**Problem description**
Begin at the line containing "日本女足国脚谷川萌萌子与拜仁女足续约至2029年展现职业生涯新篇章" and retype each line through the end of the records exactly. Include nothing else and no pictures.

-------- Available data

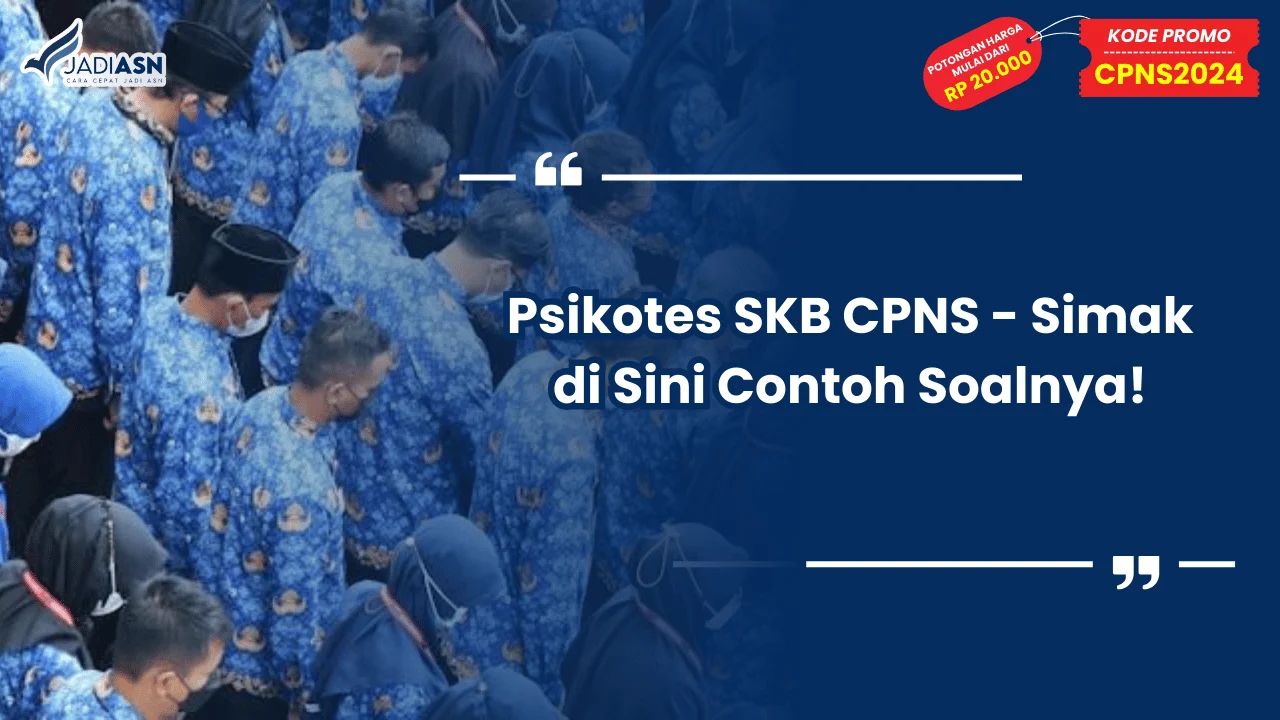 Psikotes SKB CPNS - Simak di Sini Contoh Soalnya!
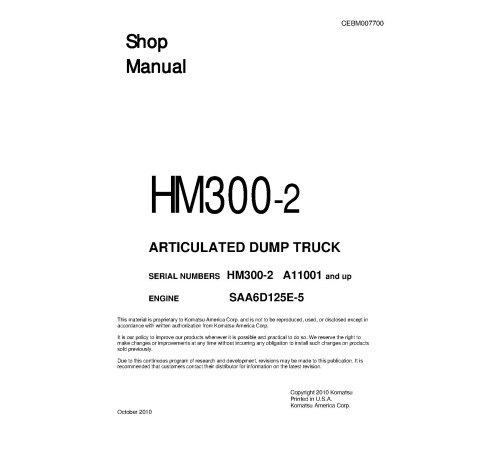 Komatsu HM300-2 (SN from A11001) Articulated Dump Trucks with SAA6D125E-5 engines (USA) Workshop Manual (CEBM007700) Komatsu HM300-2 (SN from A11001) Articulated Dump Trucks with SAA6D125E-5 engines (USA) Workshop Manual (CEBM007700)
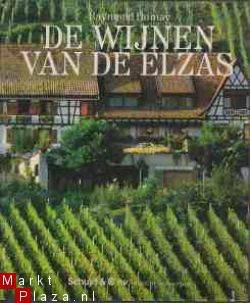 De wijnen van de Elzas, Raymond Dumay - 1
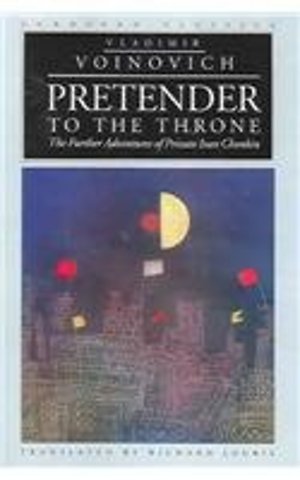 Pretender to the Throne– – Further Adventures of Private Ivan Chonkin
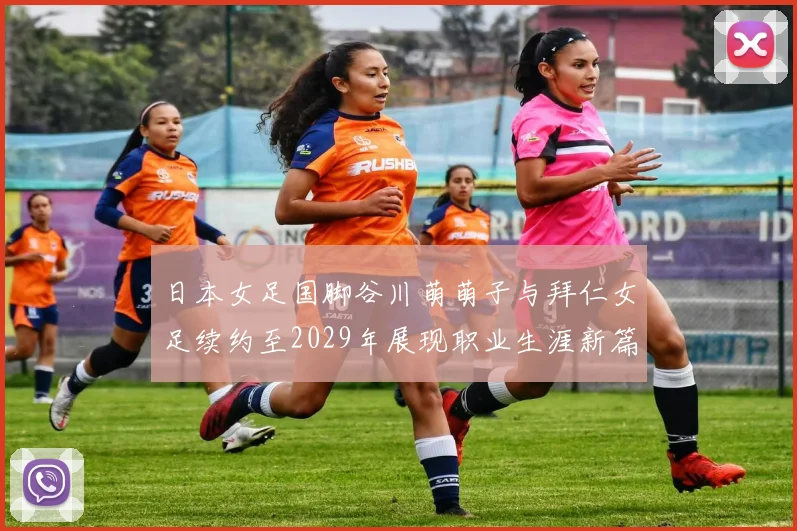 日本女足国脚谷川萌萌子与拜仁女足续约至2029年展现职业生涯新篇章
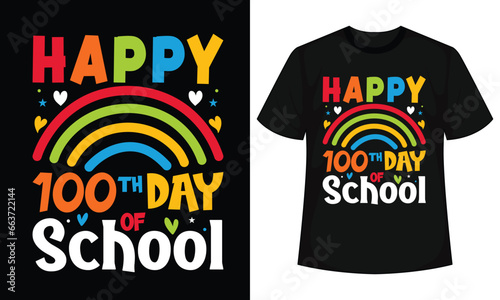Happy 100th Day Of School T-shirt Design. Congratulatory Lettering For The Celebration Of The Hundredth Day Of The Student Of The School. Vector Illustration For Design Greeting Cards, T-shirt, Poster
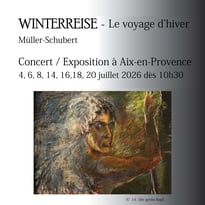 Winterreise (Le voyage d'hiver) de Franz Schubert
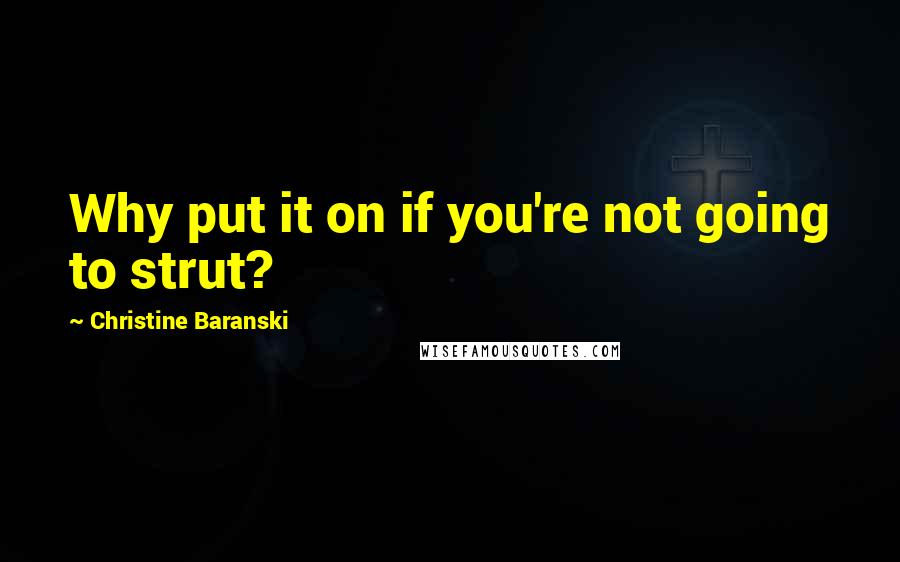 Christine Baranski Quotes: Why put it on if you're not going to strut?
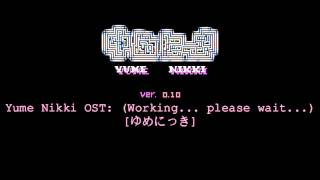 Yume Nikki OST: (Working... please wait...) (Extended)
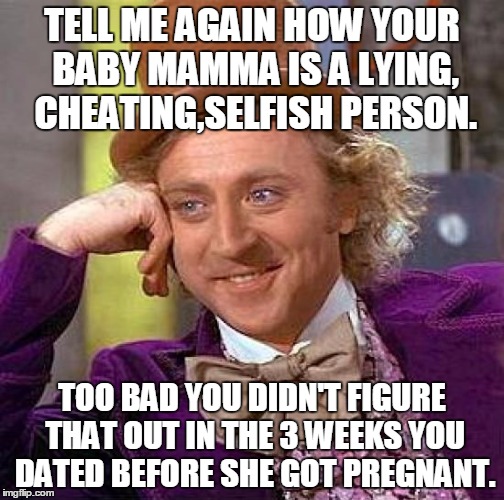 Guys be like... baby mama is bad. | TELL ME AGAIN HOW YOUR BABY MAMMA IS A LYING, CHEATING,SELFISH PERSON. TOO BAD YOU DIDN'T FIGURE THAT OUT IN THE 3 WEEKS YOU DATED BEFORE SHE GOT PREGNANT. | image tagged in memes,creepy condescending wonka,baby mama,lying,cheating,selfish | made w/ Imgflip meme maker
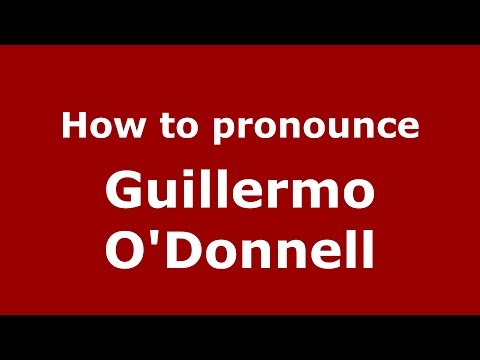 How to pronounce Guillermo O'Donnell (Spanish/Argentina) - PronounceNames.com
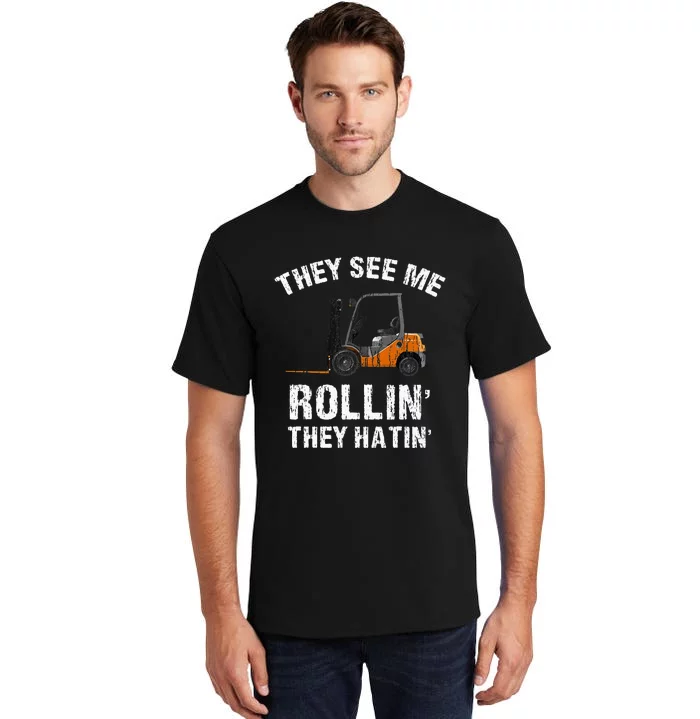 They See Me Rollin' They Hatin' Funny Forklift Driver Gift Tall T-Shirt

----------------

**The completed task**
 日本女足国脚谷川萌萌子与拜仁女足续约至2029年展现职业生涯新篇章
Happy 100th Day Of School T-shirt Design. Congratulatory Lettering For The Celebration Of The Hundredth Day Of The Student Of The School. Vector Illustration For Design Greeting Cards, T-shirt, Poster
 Winterreise (Le voyage d'hiver) de Franz Schubert
 Christine Baranski Quotes: Why put it on if you're not going to strut?
 Yume Nikki OST: (Working... please wait...) (Extended)
 Guys be like... baby mama is bad. | TELL ME AGAIN HOW YOUR BABY MAMMA IS A LYING, CHEATING,SELFISH PERSON. TOO BAD YOU DIDN'T FIGURE THAT OUT IN THE 3 WEEKS YOU DATED BEFORE SHE GOT PREGNANT. | image tagged in memes,creepy condescending wonka,baby mama,lying,cheating,selfish | made w/ Imgflip meme maker
 How to pronounce Guillermo O'Donnell (Spanish/Argentina) - PronounceNames.com
 They See Me Rollin' They Hatin' Funny Forklift Driver Gift Tall T-Shirt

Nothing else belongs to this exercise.